L’ Iran si avvia verso un periodo di festeggiamenti.
Il 15 marzo si celebra lo “Chahar Shanbeh Souri” , la festa dei falò del mercoledì: si scende in strada, ci si riunisce introno ai fuochi passandoci sopra e si recitano dei ritornelli. Il 21 marzo c’è il “Nowrouz”, ricorrenza del capodanno iraniano e inizio della primavera: le famiglie si riuniscono attorno ad un tavolo per condividere i regali. Sono feste molto ravvicinate tra loro e moltissimi iraniani si muoveranno in tutto il paese. C’è chi raggiunge i propri luoghi di origine e c’è chi va in vacanza.
Tutto questo movimento di persone rappresenta una sfida per il regime e per la sicurezza. Specialmente in questo periodo dove il paese è attraversato dalle proteste: dei movimenti Masha Amini, per i disagi economici, sociali, culturali e per gli avvelenamenti.
Il regime teme che le prossime festività possano essere catalizzatrici di diffuse manifestazioni nel paese. Queste ricorrenze di origine zoroastriane non sono mai state ufficializzate dal potere centrale ma, forse a malincuore, sono state tollerate. Anche i religiosi sciiti, nella preghiera di venerdì 10 marzo, hanno consigliato i fedeli a non festeggiare il “Chahar Shanbeh Souri”. Hanno voluto ricordare e rimarcare, per impaurire, che in passato molte persone sono rimaste ferite o hanno anche perso la vita durante questa ricorrenza. A detta di molti, anche questi appelli rientrano tra i tentativi di islamizzazione della società iraniana.
Continuano gli avvelenamenti
Le intossicazioni, intanto, continuano a colpire le studentesse ed anche bambini. Le provincie interessate sono molte.
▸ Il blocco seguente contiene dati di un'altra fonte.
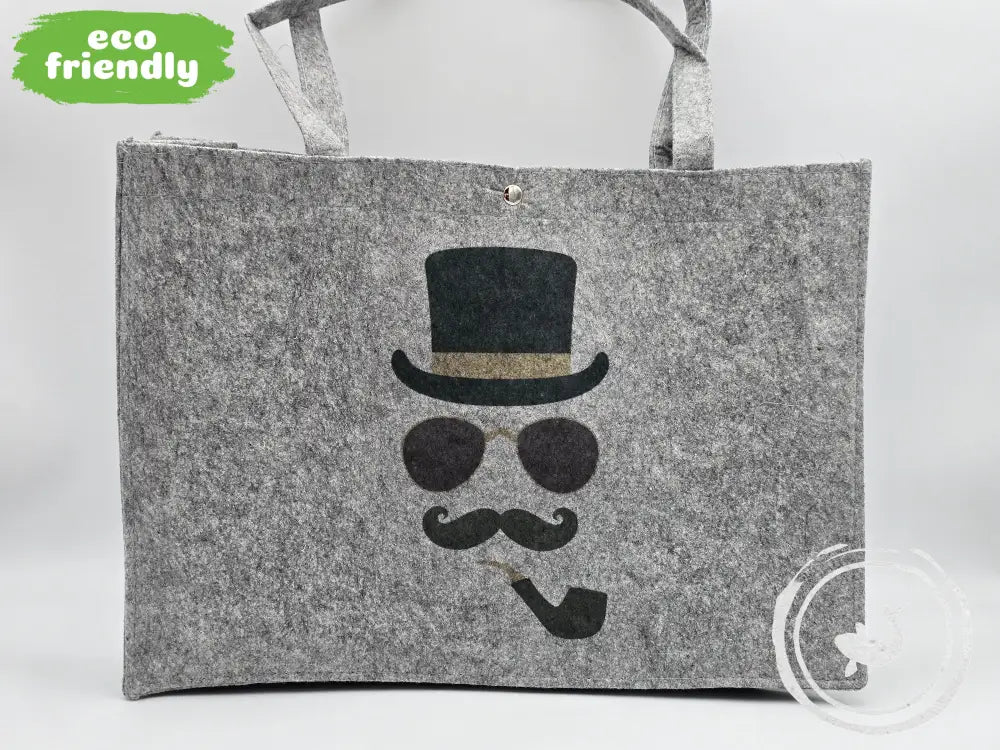 INTERIEURDINGETJES Vilten Tas Monsieur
Le autorità iraniane non hanno agito come ci si aspetterebbe da chi ha responsabilità di governo. Non hanno adottato misure concrete per contrastare gli avvelenamenti e comprenderne seriamente le cause. In alcuni casi, dopo il verificarsi dell’evento, gli studenti sono stati invitati a rientrare in aula. Alcuni medici hanno rivelato, in anonimato, che gli è stato imposto di non divulgare notizie su episodi a loro conoscenza.
Il ministero dell’Interno solo sabato scorso, dopo mesi di intossicazioni e preoccupazioni tra genitori e studenti, ha annunciato di aver arrestato 100 sospetti. Anche in questo caso, con superficialità e minimizzando la gravità dei fatti, ha attribuito alcuni atti a giovani che volevano scherzare ed ottenere l’interruzione di alcune lezioni.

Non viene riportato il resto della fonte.